• Task statement:
Should an entry contain an image, leave the image out and repeat the entry's text exactly.

(Stored dataset items)
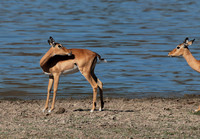 Selous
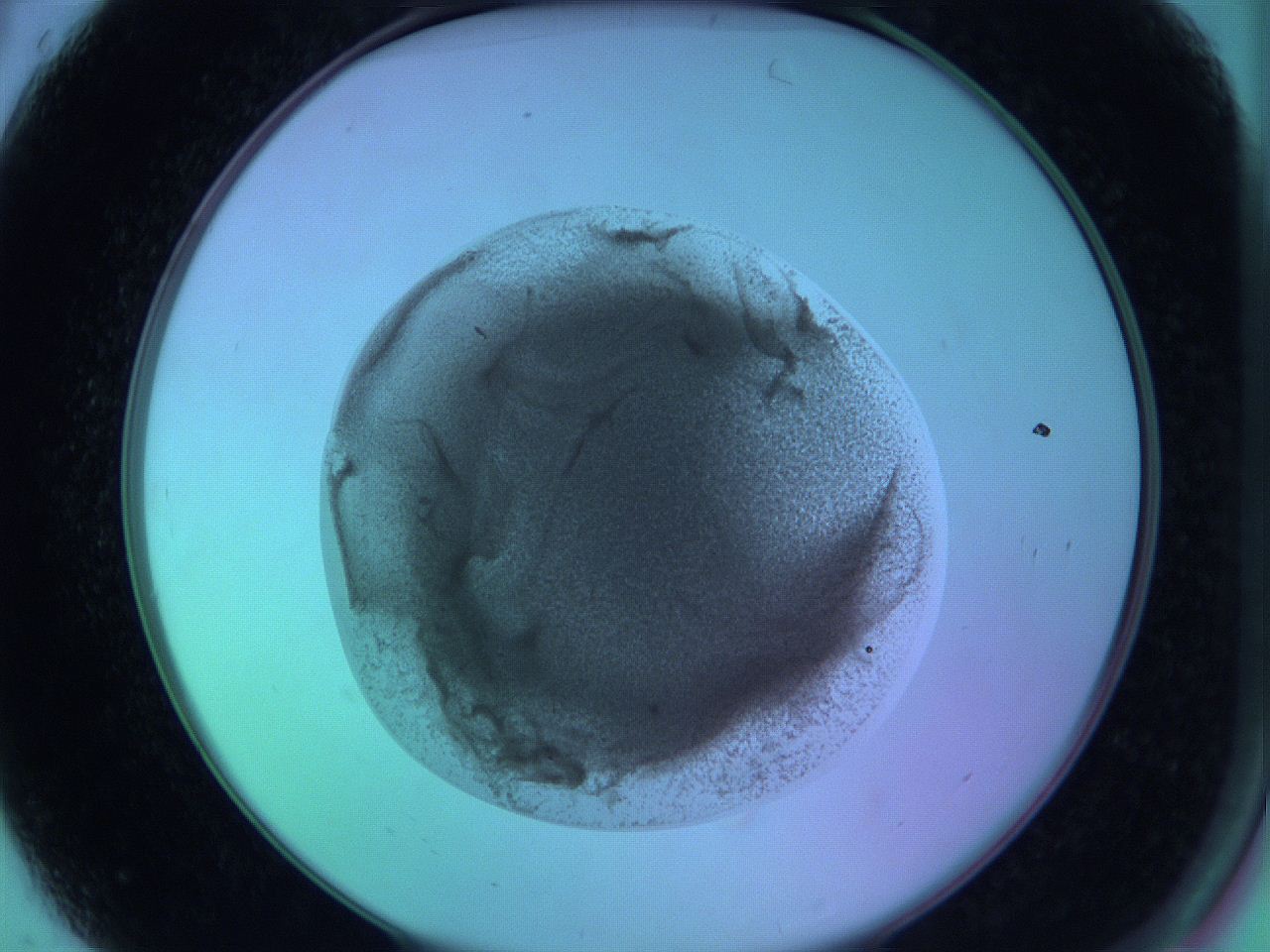 05zd_A4_ImagerDefaults_3.jpg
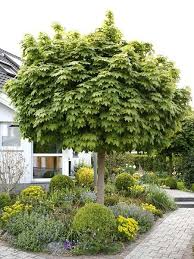 Hausbaume Fur Kleine Garten Garten Sad Dizajn Sada Und Ogorod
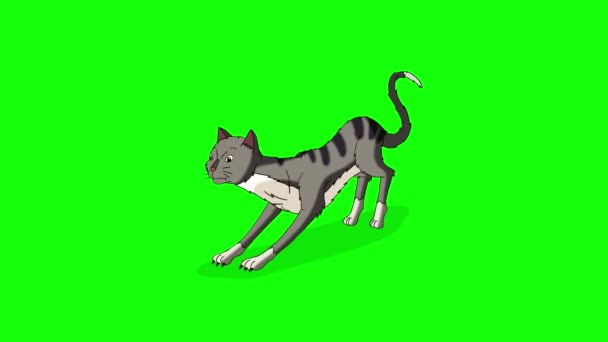 Gray Tabby Cat Sharpening Its Claws Chroma Key Handmade Animated — Stockvideo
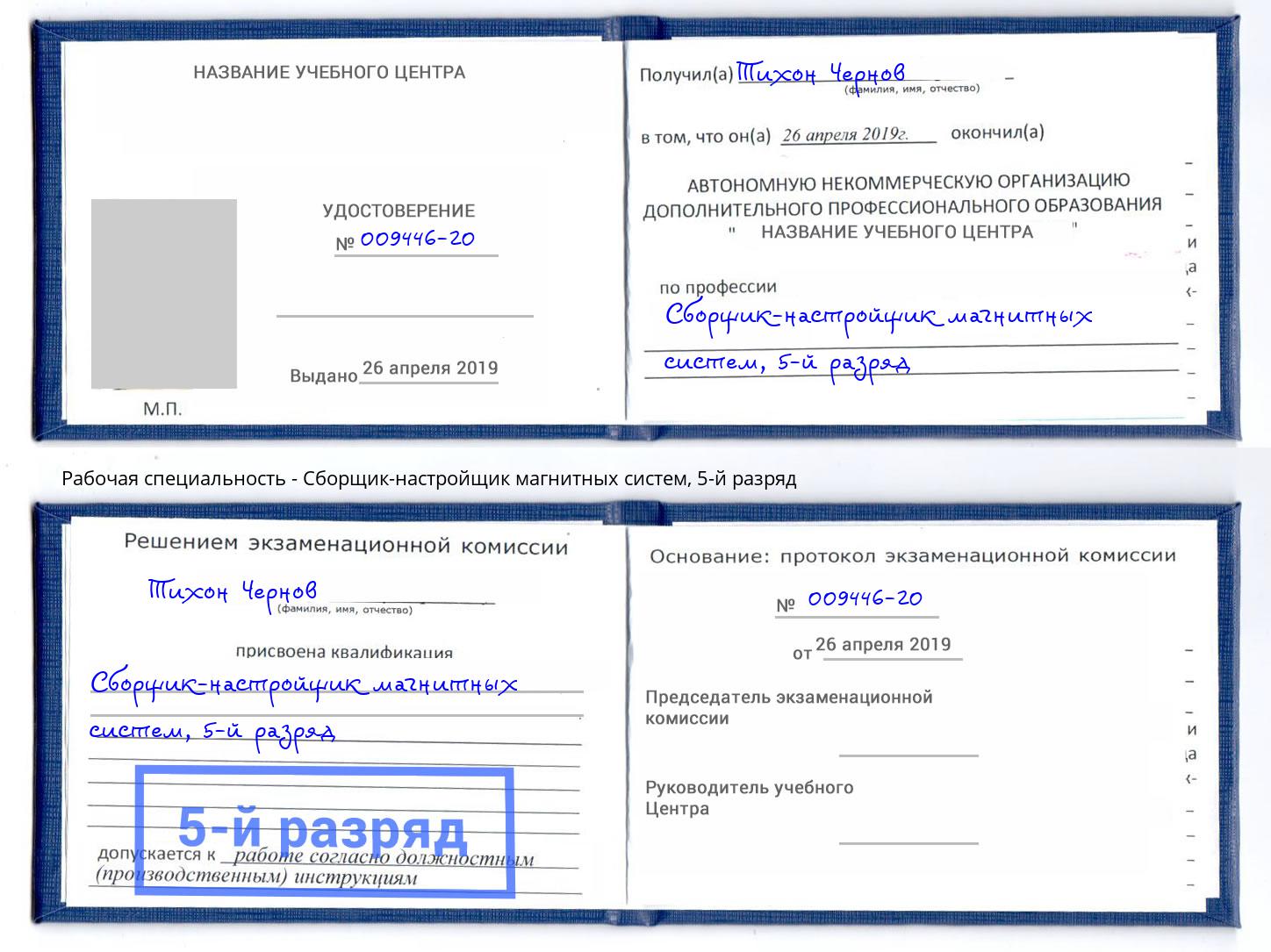 корочка 5-й разряд Сборщик-настройщик магнитных систем Сухой Лог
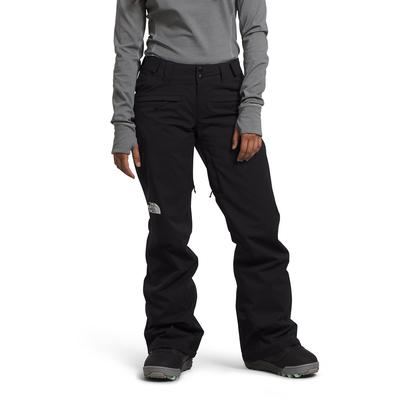 The North Face Freedom Stretch Shell Snow Pants Women's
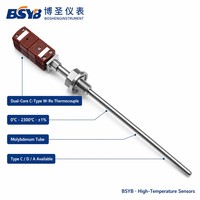 C-Type W-Re Dual Core Thermocouple Molybdenum Tube 0-2300 deg C +/-1% for Ultra-High Temperature Application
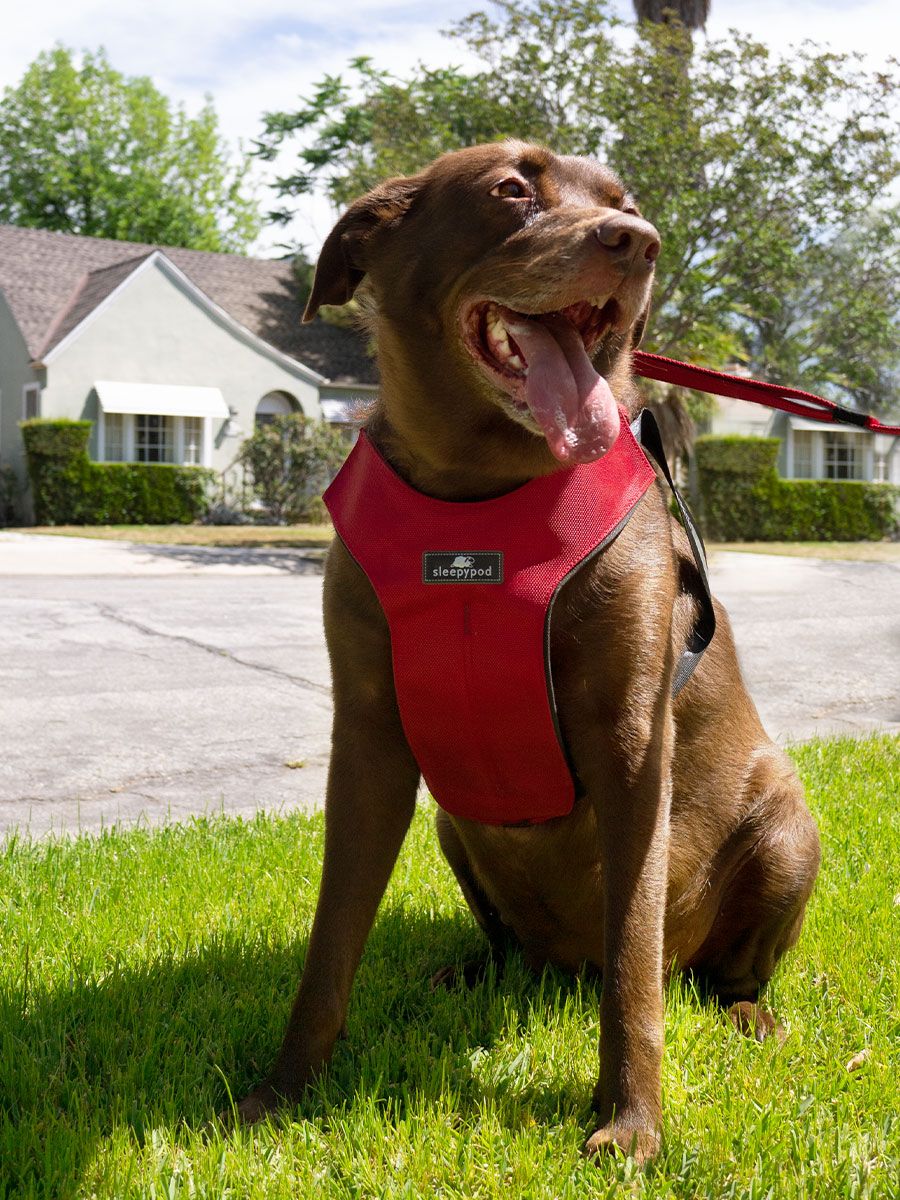 Clickit dog outlet harness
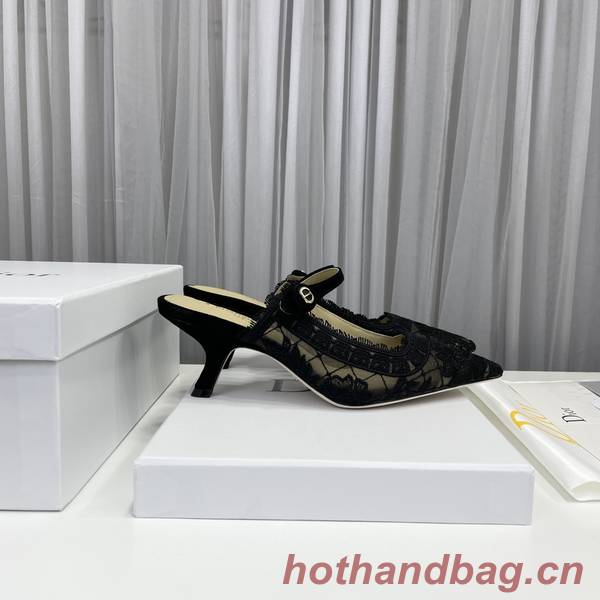 Dior Shoes DIS00315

• Result of this exercise:
 Selous
 05zd_A4_ImagerDefaults_3.jpg
 Hausbaume Fur Kleine Garten Garten Sad Dizajn Sada Und Ogorod
 Gray Tabby Cat Sharpening Its Claws Chroma Key Handmade Animated — Stockvideo
 корочка 5-й разряд Сборщик-настройщик магнитных систем Сухой Лог
 The North Face Freedom Stretch Shell Snow Pants Women's
 C-Type W-Re Dual Core Thermocouple Molybdenum Tube 0-2300 deg C +/-1% for Ultra-High Temperature Application
 Clickit dog outlet harness
 Dior Shoes DIS00315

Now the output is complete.